In the copy, keep the lines from the first line of the material below through the line containing "Outdoor Kids Mud" exactly as they are, and include no pictures.

Dataset section:
#####
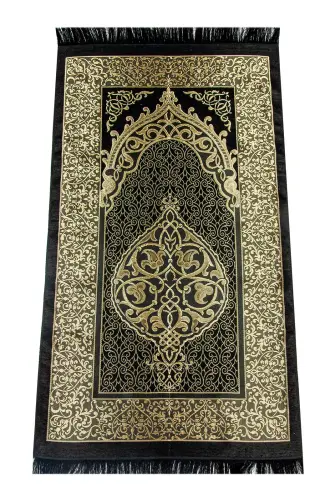 Luxury Taffeta Prayer Rug - Pearl Rosary - Windowed Boxed Mevlid Gift Set Black Color - İhvan (1)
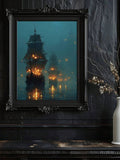 Dark pirate ship wall art with teal and amber lighting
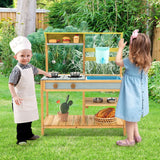 Outdoor Kids Mud Kitchen with Faucet and Water Box - Unassembled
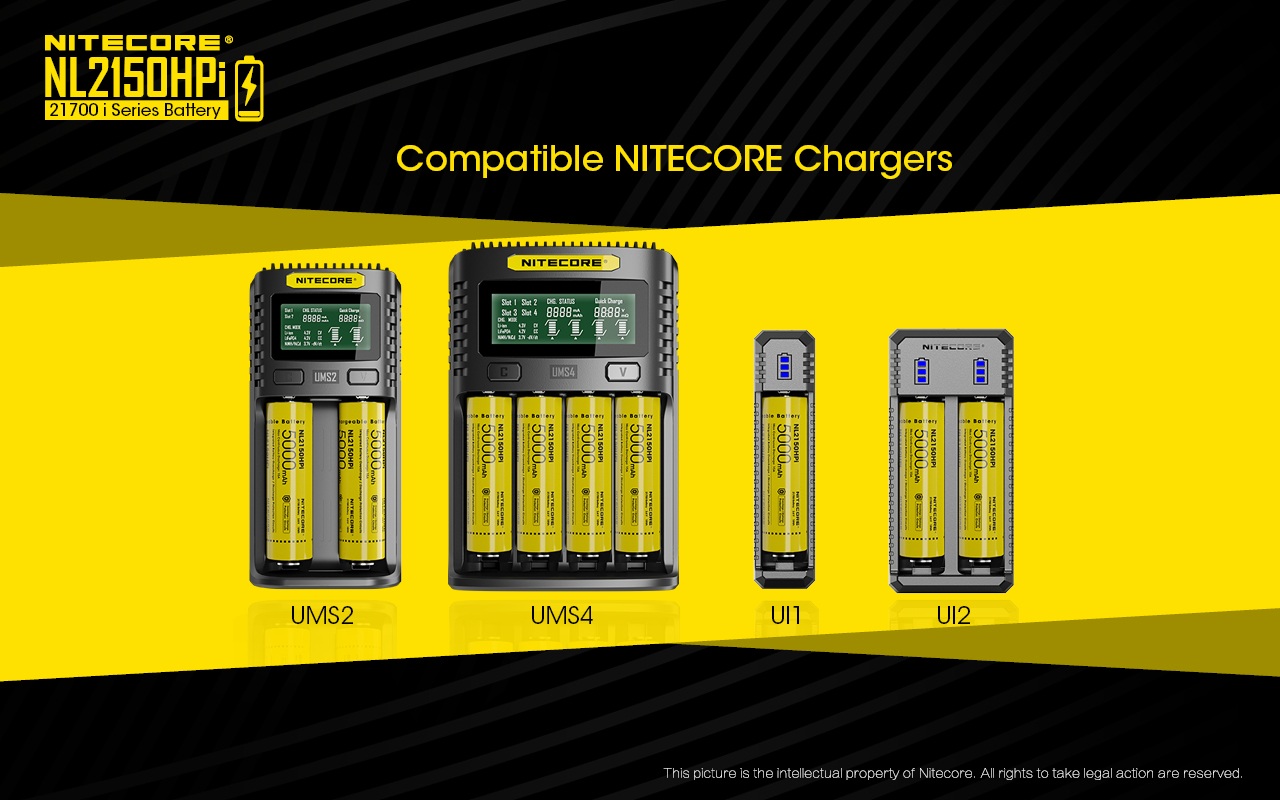 Nitecore NL2150HPi v kompatibilných nabíjačkách NITECORE UMS2, UMS4, UI1 a UI2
#####
Exercise result:
 Luxury Taffeta Prayer Rug - Pearl Rosary - Windowed Boxed Mevlid Gift Set Black Color - İhvan (1)
 Dark pirate ship wall art with teal and amber lighting
 Outdoor Kids Mud Kitchen with Faucet and Water Box - Unassembled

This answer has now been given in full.